Work order.
Filter the listing below down to the lines with the word "https" and copy those.

Records for this exercise.
---+---

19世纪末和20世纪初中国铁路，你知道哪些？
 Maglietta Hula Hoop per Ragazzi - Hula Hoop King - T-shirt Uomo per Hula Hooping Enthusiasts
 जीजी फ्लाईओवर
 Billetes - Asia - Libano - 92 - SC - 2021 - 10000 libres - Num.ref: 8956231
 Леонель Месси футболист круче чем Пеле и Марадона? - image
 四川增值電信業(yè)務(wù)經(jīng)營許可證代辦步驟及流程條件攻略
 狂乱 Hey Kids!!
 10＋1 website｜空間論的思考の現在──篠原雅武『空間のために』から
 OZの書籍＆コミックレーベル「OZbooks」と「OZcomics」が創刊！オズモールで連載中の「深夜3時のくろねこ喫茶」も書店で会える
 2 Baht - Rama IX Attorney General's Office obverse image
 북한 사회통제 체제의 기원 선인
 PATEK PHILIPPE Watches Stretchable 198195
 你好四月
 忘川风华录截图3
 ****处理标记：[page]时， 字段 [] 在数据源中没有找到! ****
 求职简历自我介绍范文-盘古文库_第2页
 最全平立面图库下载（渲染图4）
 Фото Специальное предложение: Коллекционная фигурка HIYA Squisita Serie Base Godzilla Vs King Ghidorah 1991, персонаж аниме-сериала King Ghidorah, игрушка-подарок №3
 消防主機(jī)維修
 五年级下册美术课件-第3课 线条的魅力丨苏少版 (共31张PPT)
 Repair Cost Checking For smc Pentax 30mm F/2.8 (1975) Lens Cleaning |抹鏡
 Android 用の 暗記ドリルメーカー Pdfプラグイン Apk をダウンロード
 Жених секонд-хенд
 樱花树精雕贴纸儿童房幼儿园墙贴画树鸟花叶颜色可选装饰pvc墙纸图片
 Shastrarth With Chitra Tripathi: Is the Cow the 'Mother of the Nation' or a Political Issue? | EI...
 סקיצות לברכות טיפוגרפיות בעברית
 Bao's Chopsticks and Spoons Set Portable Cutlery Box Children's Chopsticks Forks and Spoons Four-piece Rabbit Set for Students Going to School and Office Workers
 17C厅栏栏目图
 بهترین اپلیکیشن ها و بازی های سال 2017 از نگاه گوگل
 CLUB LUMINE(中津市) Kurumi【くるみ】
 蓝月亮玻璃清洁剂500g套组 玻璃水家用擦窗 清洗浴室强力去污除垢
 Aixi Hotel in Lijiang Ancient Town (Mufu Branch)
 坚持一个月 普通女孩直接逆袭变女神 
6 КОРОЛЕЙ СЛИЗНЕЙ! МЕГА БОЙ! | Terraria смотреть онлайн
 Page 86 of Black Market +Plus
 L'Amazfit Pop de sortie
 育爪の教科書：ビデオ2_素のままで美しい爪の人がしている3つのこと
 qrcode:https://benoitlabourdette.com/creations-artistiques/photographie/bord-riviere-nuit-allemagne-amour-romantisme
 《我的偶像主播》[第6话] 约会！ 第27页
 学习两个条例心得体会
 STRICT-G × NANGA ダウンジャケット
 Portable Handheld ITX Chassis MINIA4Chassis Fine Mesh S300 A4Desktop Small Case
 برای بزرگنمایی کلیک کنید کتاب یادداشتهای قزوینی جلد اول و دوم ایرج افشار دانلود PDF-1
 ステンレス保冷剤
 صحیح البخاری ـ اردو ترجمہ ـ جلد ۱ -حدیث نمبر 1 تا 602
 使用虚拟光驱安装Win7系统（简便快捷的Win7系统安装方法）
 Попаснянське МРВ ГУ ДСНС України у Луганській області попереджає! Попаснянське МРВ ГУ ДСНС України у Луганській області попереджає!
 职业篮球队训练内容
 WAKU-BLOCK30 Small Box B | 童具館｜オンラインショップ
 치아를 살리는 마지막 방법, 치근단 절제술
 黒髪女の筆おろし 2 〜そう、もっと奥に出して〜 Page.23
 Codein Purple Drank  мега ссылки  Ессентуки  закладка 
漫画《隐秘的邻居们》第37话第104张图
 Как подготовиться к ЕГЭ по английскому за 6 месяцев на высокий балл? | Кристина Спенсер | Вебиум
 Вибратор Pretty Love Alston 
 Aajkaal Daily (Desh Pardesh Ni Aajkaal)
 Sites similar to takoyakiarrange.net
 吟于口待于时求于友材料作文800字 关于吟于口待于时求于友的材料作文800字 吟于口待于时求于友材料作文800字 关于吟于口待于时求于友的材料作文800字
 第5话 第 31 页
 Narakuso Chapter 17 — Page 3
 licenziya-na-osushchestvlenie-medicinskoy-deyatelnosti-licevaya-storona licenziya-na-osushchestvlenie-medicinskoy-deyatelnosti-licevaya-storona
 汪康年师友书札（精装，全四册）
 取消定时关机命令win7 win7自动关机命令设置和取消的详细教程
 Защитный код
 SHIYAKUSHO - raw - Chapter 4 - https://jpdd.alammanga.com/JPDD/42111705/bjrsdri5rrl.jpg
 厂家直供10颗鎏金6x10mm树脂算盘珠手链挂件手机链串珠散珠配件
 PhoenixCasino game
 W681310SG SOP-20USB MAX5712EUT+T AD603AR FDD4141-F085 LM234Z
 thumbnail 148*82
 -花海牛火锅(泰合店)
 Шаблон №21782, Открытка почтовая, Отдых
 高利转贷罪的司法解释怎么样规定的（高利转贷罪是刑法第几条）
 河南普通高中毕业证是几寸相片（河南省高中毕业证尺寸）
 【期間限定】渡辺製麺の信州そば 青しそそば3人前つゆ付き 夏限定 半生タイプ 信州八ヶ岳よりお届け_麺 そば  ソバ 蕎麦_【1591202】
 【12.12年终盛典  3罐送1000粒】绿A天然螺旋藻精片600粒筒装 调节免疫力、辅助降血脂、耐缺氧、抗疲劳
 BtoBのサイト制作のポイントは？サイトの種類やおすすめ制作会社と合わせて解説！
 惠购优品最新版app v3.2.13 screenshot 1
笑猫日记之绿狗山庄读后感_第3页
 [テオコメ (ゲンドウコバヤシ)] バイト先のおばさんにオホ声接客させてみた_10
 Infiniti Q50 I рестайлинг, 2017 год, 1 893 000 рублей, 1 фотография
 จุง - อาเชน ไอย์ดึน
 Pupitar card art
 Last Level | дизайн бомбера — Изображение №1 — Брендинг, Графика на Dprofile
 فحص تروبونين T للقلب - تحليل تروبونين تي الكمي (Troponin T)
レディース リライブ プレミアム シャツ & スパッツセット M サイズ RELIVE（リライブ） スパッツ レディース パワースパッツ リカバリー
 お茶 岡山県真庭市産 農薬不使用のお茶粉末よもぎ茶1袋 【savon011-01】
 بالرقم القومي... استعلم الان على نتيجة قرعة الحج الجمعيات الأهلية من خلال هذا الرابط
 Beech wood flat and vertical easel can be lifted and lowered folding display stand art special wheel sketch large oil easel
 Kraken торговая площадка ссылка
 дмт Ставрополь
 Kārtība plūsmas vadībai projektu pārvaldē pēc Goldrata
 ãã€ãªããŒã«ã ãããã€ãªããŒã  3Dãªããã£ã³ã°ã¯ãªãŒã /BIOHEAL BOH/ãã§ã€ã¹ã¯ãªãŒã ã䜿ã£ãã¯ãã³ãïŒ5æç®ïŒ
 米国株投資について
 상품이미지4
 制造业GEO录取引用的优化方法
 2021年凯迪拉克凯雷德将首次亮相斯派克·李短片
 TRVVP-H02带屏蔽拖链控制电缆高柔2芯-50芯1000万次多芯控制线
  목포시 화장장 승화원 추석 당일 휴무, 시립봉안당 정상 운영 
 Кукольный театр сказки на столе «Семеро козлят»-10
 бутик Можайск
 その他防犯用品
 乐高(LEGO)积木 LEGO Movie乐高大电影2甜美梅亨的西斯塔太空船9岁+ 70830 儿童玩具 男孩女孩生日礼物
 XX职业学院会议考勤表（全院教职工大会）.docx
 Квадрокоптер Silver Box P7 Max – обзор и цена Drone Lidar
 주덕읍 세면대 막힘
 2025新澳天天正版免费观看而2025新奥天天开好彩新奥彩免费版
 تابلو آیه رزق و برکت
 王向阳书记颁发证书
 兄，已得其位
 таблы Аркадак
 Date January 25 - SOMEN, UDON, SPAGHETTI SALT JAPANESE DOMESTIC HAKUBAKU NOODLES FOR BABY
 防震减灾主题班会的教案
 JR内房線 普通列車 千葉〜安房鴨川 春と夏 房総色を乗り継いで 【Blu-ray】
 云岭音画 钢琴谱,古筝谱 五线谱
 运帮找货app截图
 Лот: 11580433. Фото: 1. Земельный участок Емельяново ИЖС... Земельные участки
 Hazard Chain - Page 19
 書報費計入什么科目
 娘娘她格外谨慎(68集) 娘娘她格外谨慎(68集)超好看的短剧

---+---

Solution for this problem.
 qrcode:https://benoitlabourdette.com/creations-artistiques/photographie/bord-riviere-nuit-allemagne-amour-romantisme
 SHIYAKUSHO - raw - Chapter 4 - https://jpdd.alammanga.com/JPDD/42111705/bjrsdri5rrl.jpg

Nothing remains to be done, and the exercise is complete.